# [PROBLEM TO SOLVE]
Give an exact transcription limited to the lines from the one with "Tavolo da Trucco" through the end of the entries, including both; no pictures belong in it.

-------

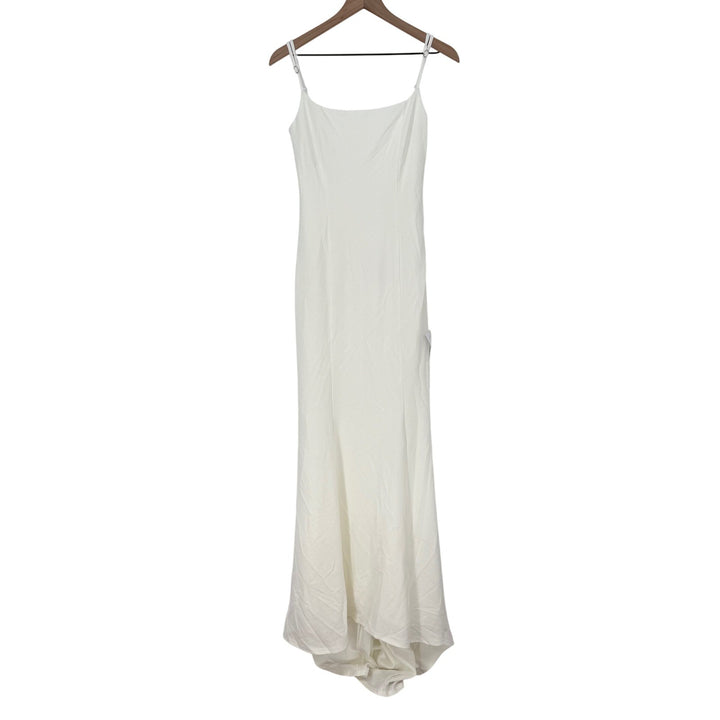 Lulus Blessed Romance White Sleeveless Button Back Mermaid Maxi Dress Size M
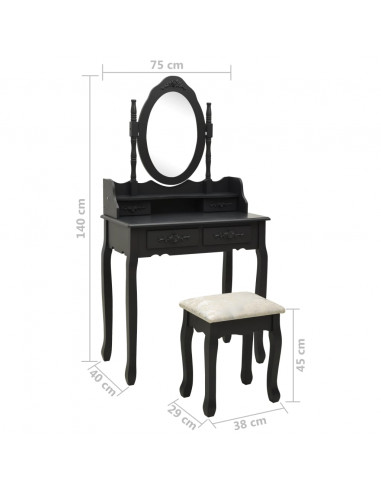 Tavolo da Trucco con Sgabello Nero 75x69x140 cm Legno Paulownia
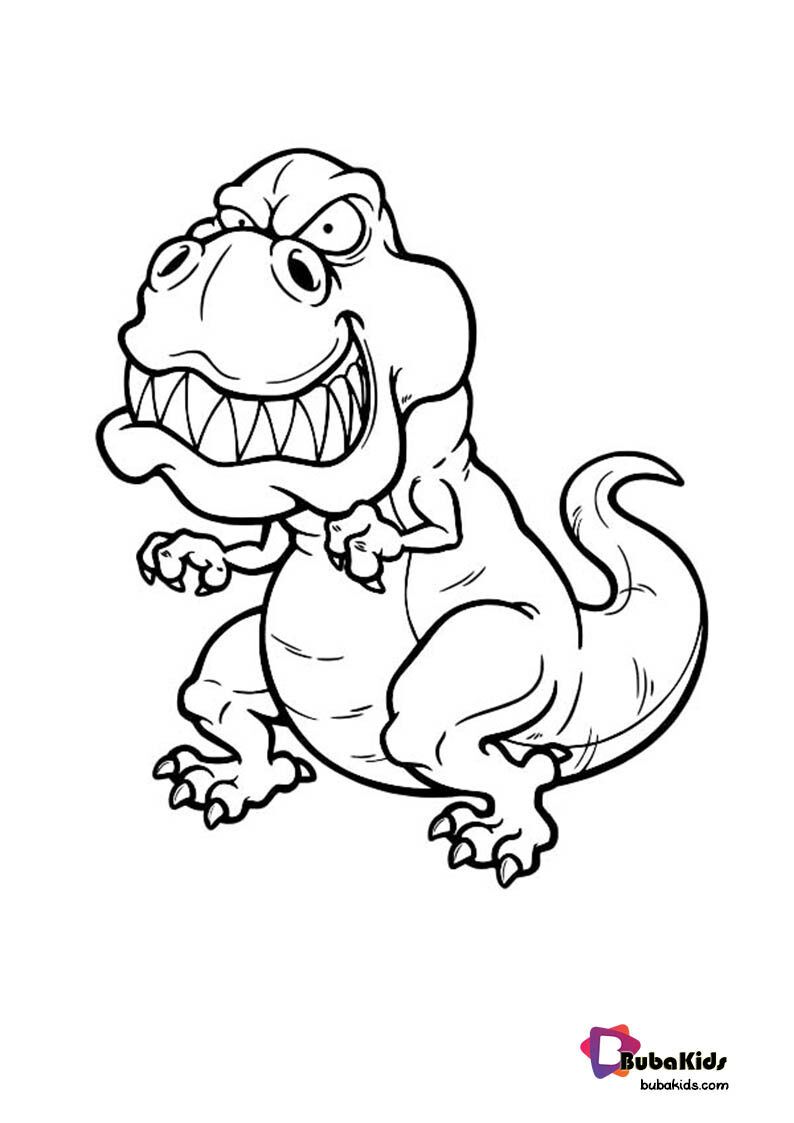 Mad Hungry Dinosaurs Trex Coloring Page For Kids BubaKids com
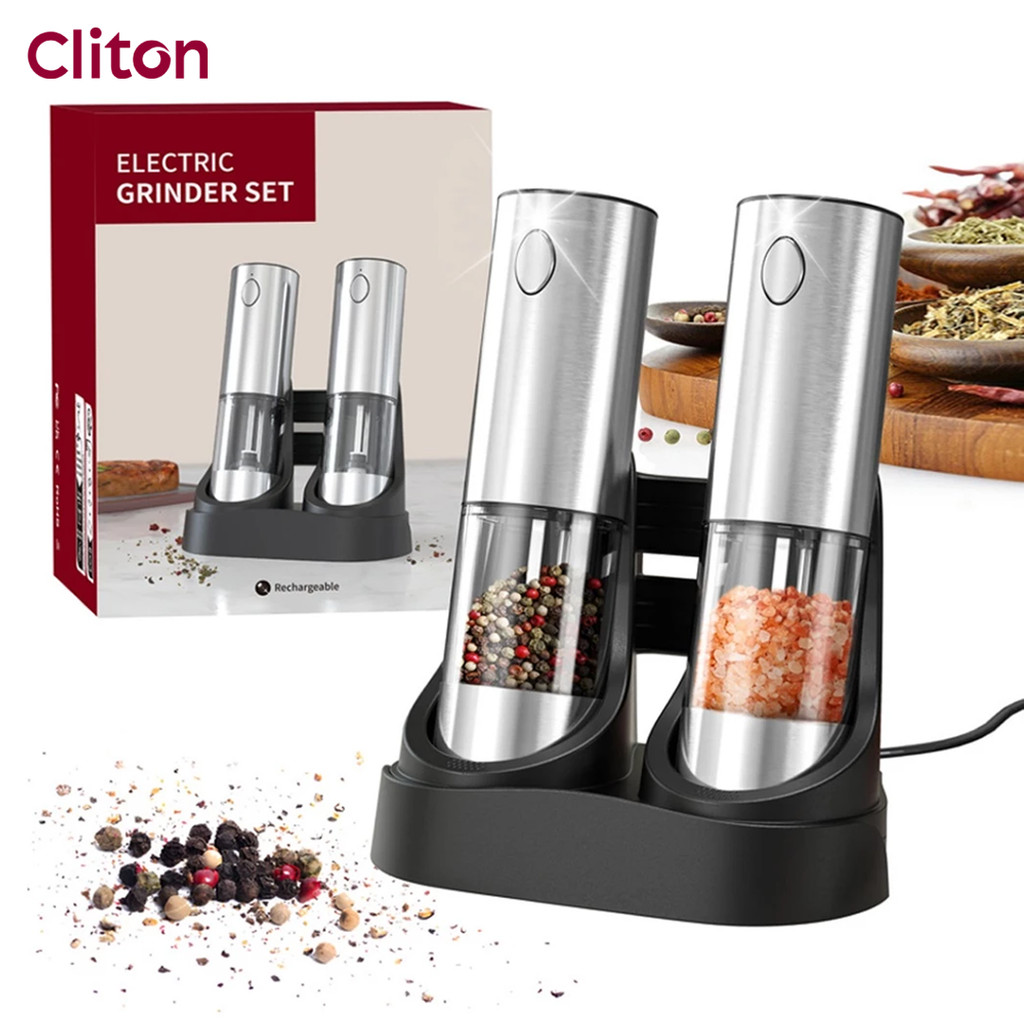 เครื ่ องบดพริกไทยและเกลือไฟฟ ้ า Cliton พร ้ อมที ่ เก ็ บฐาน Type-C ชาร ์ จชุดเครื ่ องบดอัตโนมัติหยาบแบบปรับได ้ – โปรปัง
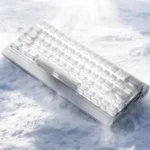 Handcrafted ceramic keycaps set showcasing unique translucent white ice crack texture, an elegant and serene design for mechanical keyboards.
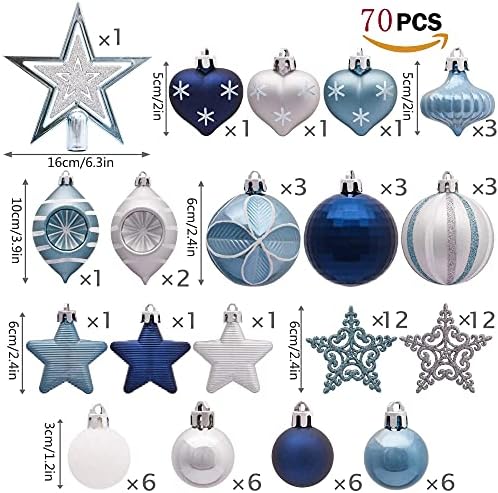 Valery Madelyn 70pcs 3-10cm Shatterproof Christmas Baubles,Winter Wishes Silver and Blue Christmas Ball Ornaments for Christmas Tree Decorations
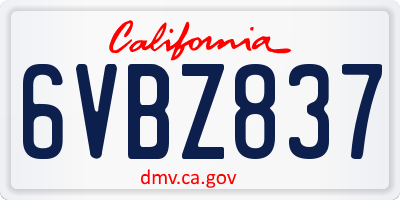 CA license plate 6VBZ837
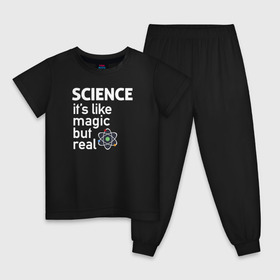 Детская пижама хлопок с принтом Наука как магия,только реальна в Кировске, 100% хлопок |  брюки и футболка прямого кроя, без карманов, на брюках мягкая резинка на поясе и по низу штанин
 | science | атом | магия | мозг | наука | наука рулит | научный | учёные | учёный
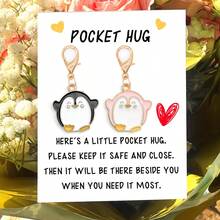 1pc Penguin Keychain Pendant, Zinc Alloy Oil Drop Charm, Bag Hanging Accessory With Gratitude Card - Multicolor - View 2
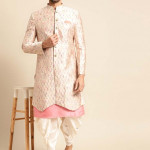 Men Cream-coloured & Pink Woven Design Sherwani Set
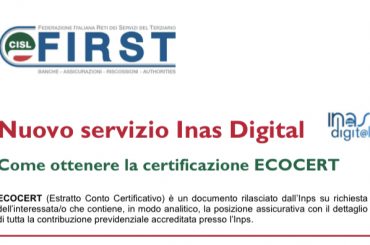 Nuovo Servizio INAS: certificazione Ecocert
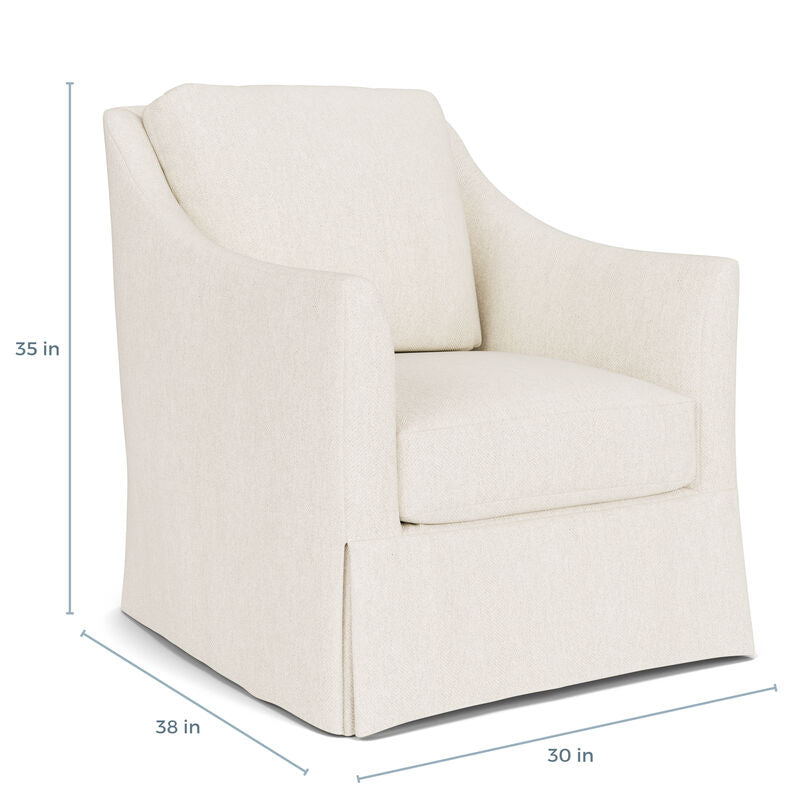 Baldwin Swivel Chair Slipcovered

-------

# [EXERCISE ANSWER]
 Tavolo da Trucco con Sgabello Nero 75x69x140 cm Legno Paulownia
 Mad Hungry Dinosaurs Trex Coloring Page For Kids BubaKids com
 เครื ่ องบดพริกไทยและเกลือไฟฟ ้ า Cliton พร ้ อมที ่ เก ็ บฐาน Type-C ชาร ์ จชุดเครื ่ องบดอัตโนมัติหยาบแบบปรับได ้ – โปรปัง
 Handcrafted ceramic keycaps set showcasing unique translucent white ice crack texture, an elegant and serene design for mechanical keyboards.
 Valery Madelyn 70pcs 3-10cm Shatterproof Christmas Baubles,Winter Wishes Silver and Blue Christmas Ball Ornaments for Christmas Tree Decorations
 CA license plate 6VBZ837
 Детская пижама хлопок с принтом Наука как магия,только реальна в Кировске, 100% хлопок |  брюки и футболка прямого кроя, без карманов, на брюках мягкая резинка на поясе и по низу штанин
 | science | атом | магия | мозг | наука | наука рулит | научный | учёные | учёный
 1pc Penguin Keychain Pendant, Zinc Alloy Oil Drop Charm, Bag Hanging Accessory With Gratitude Card - Multicolor - View 2
 Men Cream-coloured & Pink Woven Design Sherwani Set
 Nuovo Servizio INAS: certificazione Ecocert
 Baldwin Swivel Chair Slipcovered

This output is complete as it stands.